Voice2Action: Language Models as Agent for Efficient Real-Time Interaction in Virtual Reality

AI-generated keywords: Voice2Action Large Language Models Virtual Reality Hierarchical Analysis Real-time Interaction

AI-generated Key Points

  • The Voice2Action framework aims to address challenges of deploying Large Language Models (LLMs) in virtual reality (VR) environments.
  • LLMs are task-driven autonomous agents trained to follow natural language instructions with few examples.
  • Online interactions and complexity of manipulation categories in 3D environments have made it difficult to deploy LLMs in VR.
  • Voice2Action framework hierarchically analyzes voice signals and textual commands through action and entity extraction.
  • It divides execution tasks into canonical interaction subsets in real-time and prevents errors through environment feedback.
  • Voice2Action enables more efficient and accurate performance compared to approaches without optimizations.
  • Experiments conducted in an urban engineering VR environment using synthetic instruction data showed that Voice2Action outperformed other approaches without optimizations.
  • This work highlights the potential of using LLMs as agents for efficient real-time interaction in VR.
Also access our AI generated: Comprehensive summary, Lay summary, Blog-like article; or ask questions about this paper to our AI assistant.

Authors: Yang Su

License: CC BY 4.0

Abstract: Large Language Models (LLMs) are trained and aligned to follow natural language instructions with only a handful of examples, and they are prompted as task-driven autonomous agents to adapt to various sources of execution environments. However, deploying agent LLMs in virtual reality (VR) has been challenging due to the lack of efficiency in online interactions and the complex manipulation categories in 3D environments. In this work, we propose Voice2Action, a framework that hierarchically analyzes customized voice signals and textual commands through action and entity extraction and divides the execution tasks into canonical interaction subsets in real-time with error prevention from environment feedback. Experiment results in an urban engineering VR environment with synthetic instruction data show that Voice2Action can perform more efficiently and accurately than approaches without optimizations.
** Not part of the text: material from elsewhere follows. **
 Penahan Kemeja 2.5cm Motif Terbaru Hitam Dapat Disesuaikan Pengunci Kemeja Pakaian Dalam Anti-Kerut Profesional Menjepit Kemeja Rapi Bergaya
Submitted to arXiv on 29 Sep. 2023

Ask questions about this paper to our AI assistant

You can also chat with multiple papers at once here.
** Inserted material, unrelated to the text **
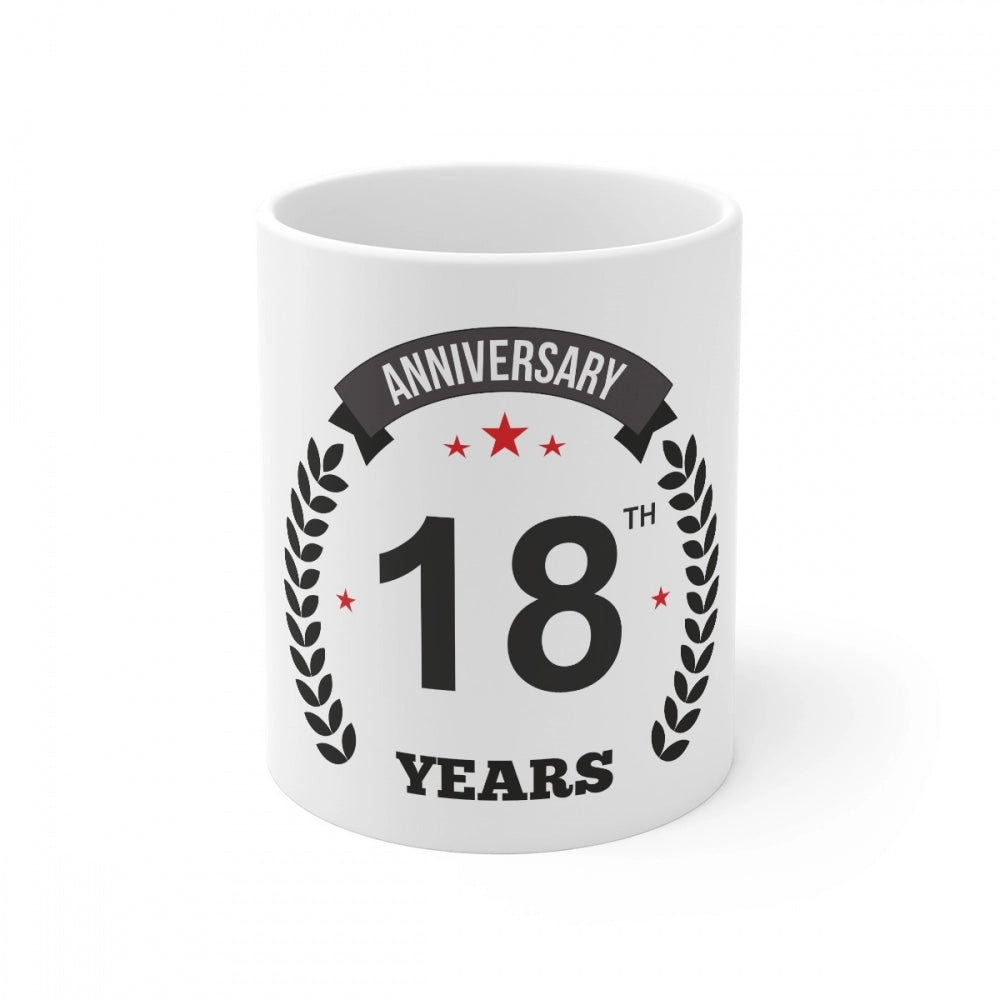 Amfyn Ceramic 18th Anniversary Printed Coffee Mug (Color: White, Capacity:330ml)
AI assistant instructions?

Results of the summarizing process for the arXiv paper: 2310.00092v1

The Voice2Action framework, proposed by Yang Su from Cornell Tech, aims to address the challenges of deploying Large Language Models (LLMs) in virtual reality (VR) environments. LLMs are trained to follow natural language instructions with only a few examples and are designed as task-driven autonomous agents that can adapt to different execution environments. However, the lack of efficiency in online interactions and the complexity of manipulation categories in 3D environments have made it difficult to deploy LLMs in VR. The <Organization>Voice2Action</Organization> framework hierarchically analyzes customized voice signals and textual commands through action and entity extraction. It then divides the execution tasks into canonical interaction subsets in real-time while also preventing errors through feedback from the environment. The goal is to enable more efficient and accurate performance compared to approaches without optimizations. To evaluate the effectiveness of <Organization>Voice2Action</Organization>, experiments were conducted in an urban engineering VR environment using synthetic instruction data. The results demonstrated that <Organization>Voice2Action</Organization> outperformed other approaches without optimizations. This work highlights the potential of using LLMs as agents for efficient real-time interaction in VR.
Created on 09 Jan. 2024

Assess the quality of the AI-generated content by voting

Score: 0

Why do we need votes?

Votes are used to determine whether we need to re-run our summarizing tools. If the count reaches -10, our tools can be restarted.

Similar papers summarized with our AI tools

Navigate through even more similar papers through a

tree representation

Look for similar papers (in beta version)

By clicking on the button above, our algorithm will scan all papers in our database to find the closest based on the contents of the full papers and not just on metadata. Please note that it only works for papers that we have generated summaries for and you can rerun it from time to time to get a more accurate result while our database grows.

Disclaimer: The AI-based summarization tool and virtual assistant provided on this website may not always provide accurate and complete summaries or responses. We encourage you to carefully review and evaluate the generated content to ensure its quality and relevance to your needs.